In 2019, it was more of the same, as Dovizioso left Germany for the summer break with almost 60 points to make up on Marquez in the second half of the season. An impossible task. The next year, in 2020, Dovizioso stayed in championship contention until quite late on in the season, but this owed more to the inconsistency of others, as the #04 himself mostly lacked speed. He fell out with Ducati’s lead engineer, Gigi Dall’Igna, and that was that, the pressure of Ducati had beaten him, as it had beaten Lorenzo before him.

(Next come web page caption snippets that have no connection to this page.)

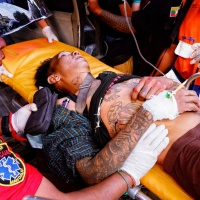 Spari durante le proteste anti-golpe: due morti e una trentina di feriti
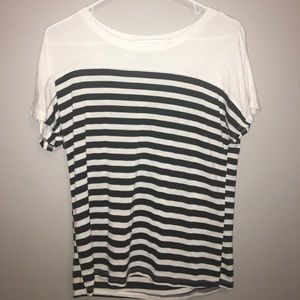 Ginger G Black & White Top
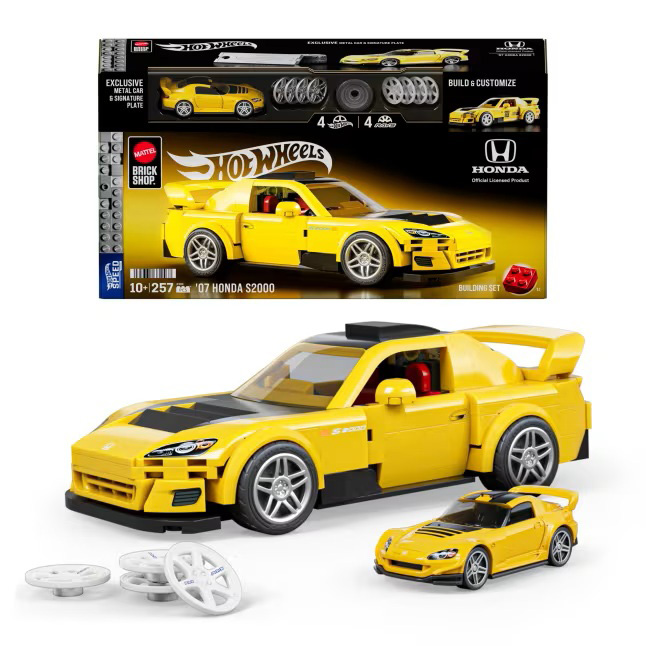 Mattel Brick Shop JFR88 ’07 Honda S2000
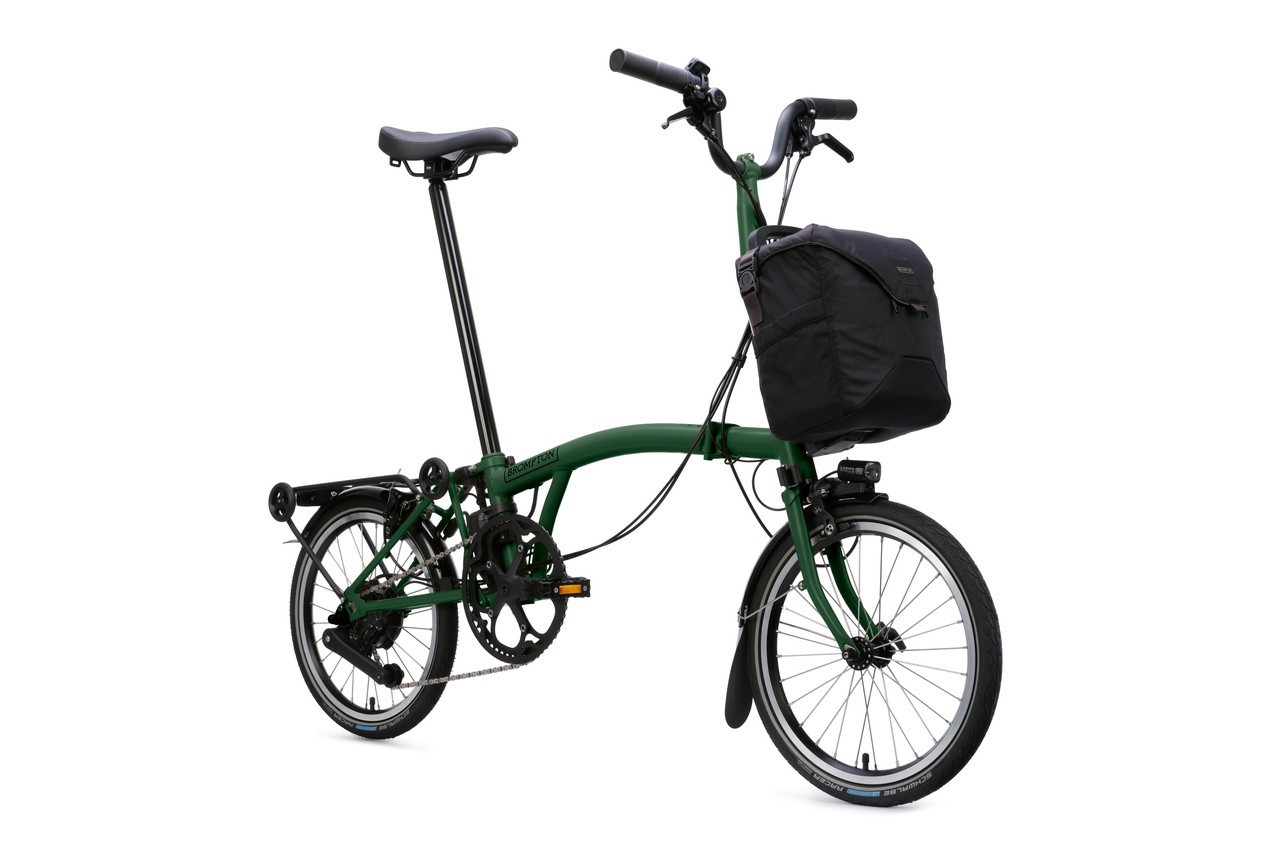 Brompton Electric C Line with Advance Roller Frame - e-Motiq system 2027 Folding Bike Electric  (click to zoom)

A quick step back to 2019 reminds us that Ducati were leading the WorldSBK championship with a dominant Alvaro Bautista in 2019, before the factory’s management fell out with Bautista, his confidence dropped, his results suffered, and he left for Honda after losing the title to Jonathan Rea. Bautista’s replacement, Scott Redding, ended up leaving for BMW for this season, replaced himself by Bautista, who has accepted the pressure once more in a final bid to win a second world title.
But will Bautista be doomed to the fate that is currently befalling Bagnaia, and let the 18-point lead he currently holds over Jonathan Rea slip in the remaining races? It is difficult to say. The Spaniard looks better on the bike in 2022 than he did in 2019, and able to brake with more stability, but Bagnaia was perfect in Jerez, and looked just as good in Le Mans, but he crashed trying to make up for a mistake he made four corners previously.

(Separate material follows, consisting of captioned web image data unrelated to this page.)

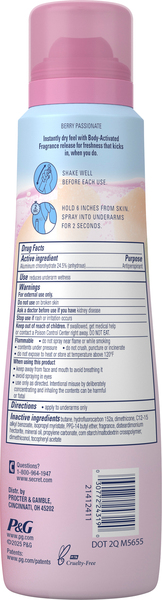 Back of Pack
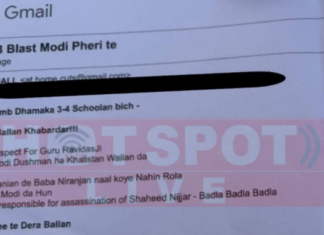 jalandhar email bomb threat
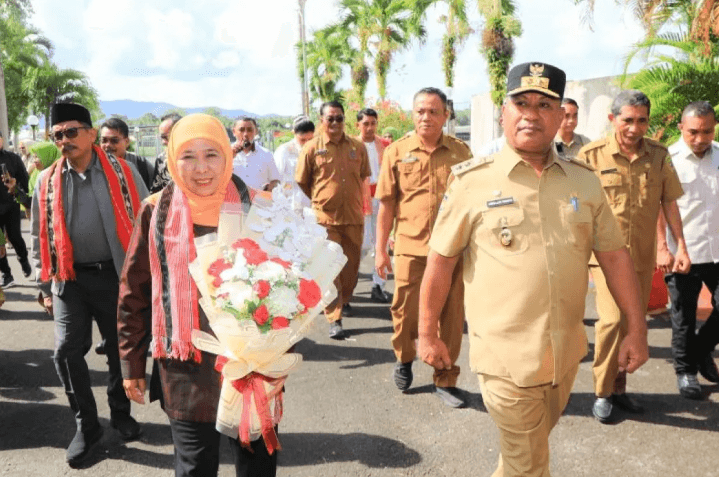 Gubernur Khofifah Pererat Kerja Sama Dagang Jawa Timur-Maluku Lewat Misi Dagang dan Silaturahmi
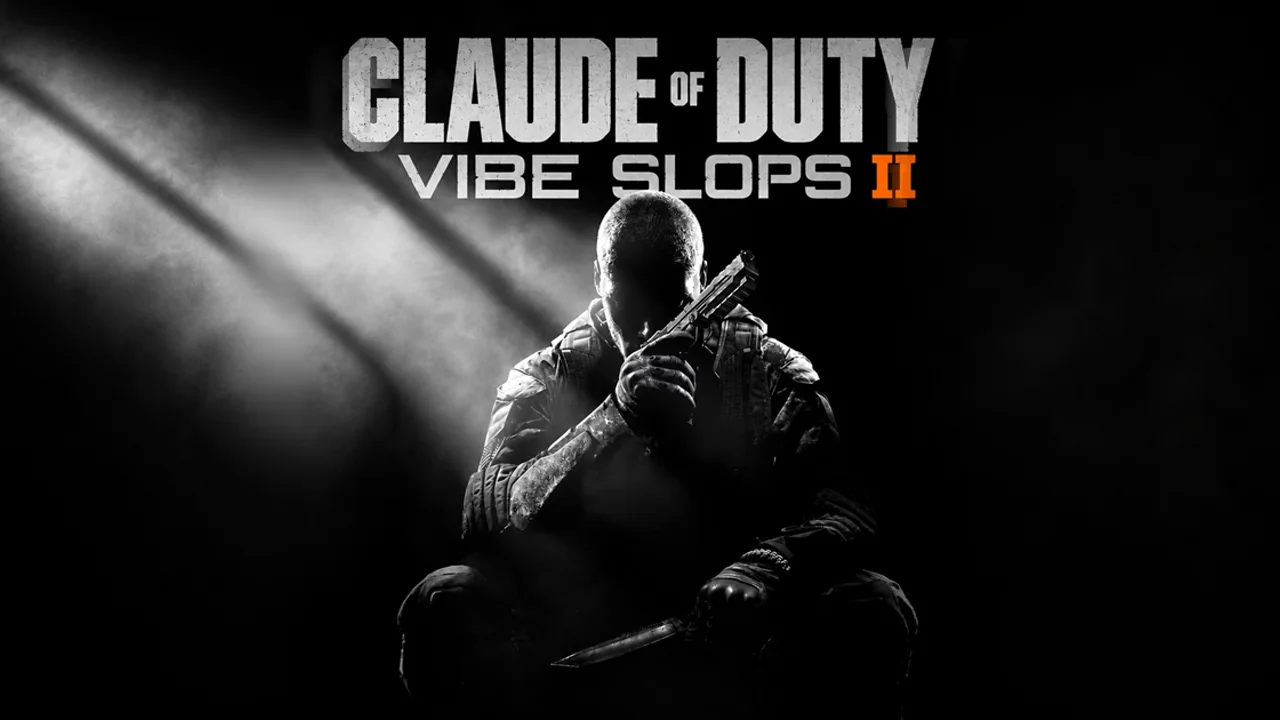 Claude of Duty: Vibe Slops II screenshot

And what about the man to whom Bagnaia handed the race win in Le Mans? Enea Bastianini has won three races in 2022, and after Jorge Martin has not yet finished three races this season the 2020 Moto2 World Champion is expected to be the replacement for Jack Miller in the factory team for 2023 alongside Bagnaia.
Bastianini has already fired his first two shots in the impending psychological war between himself and Bagnaia at Ducati - firstly by winning the French Grand Prix, and secondly by questioning in the French post-race press conference whether Bagnaia would prefer to keep Miller as a teammate in 2023 for an easier time - but it is impossible to know whether he is prepared for the impending psychological war between himself and Ducati.
As noted on the post-French-GP Paddock Pass Podcast, Bastianini suffered when he went to Estrella Galicia in 2017, where winning was the expectation. It is also possible to argue that he underperformed in 2018 at Leopard, another team where it is a necessity to win. At Italtrans in 2019 and 2020, Bastianini was back with friendly Italian faces, in a team which had not fought for a championship before, and which had not won a race since Mattia Pasini at Mugello in 2017. Now, back in the Gresini team with which he began his Grand Prix career, the situation is similar to Italtrans.
But, in Ducati, although the language will be common, and Bastianini will probably take Alberto Giribuola with him from Gresini as crew chief, the mood will undoubtedly be different. As mentioned in the aforementioned Paddock Pass Podcast, at Ducati, although winning is done together, as a rider you lose alone. Bagnaia was reminded of that on Sunday in Le Mans, and Bastianini seems destined to learnt that lesson at some point, too.
How Bagnaia reacts next weekend in Mugello (of all places) will be indicative of where he feels he is in Ducati, and of his chances of mounting a major comeback in this year’s World Championship. Similarly, if and when the time comes for Bastianini, his response will be the key, as to date the only rider to do it successfully has been Casey Stoner.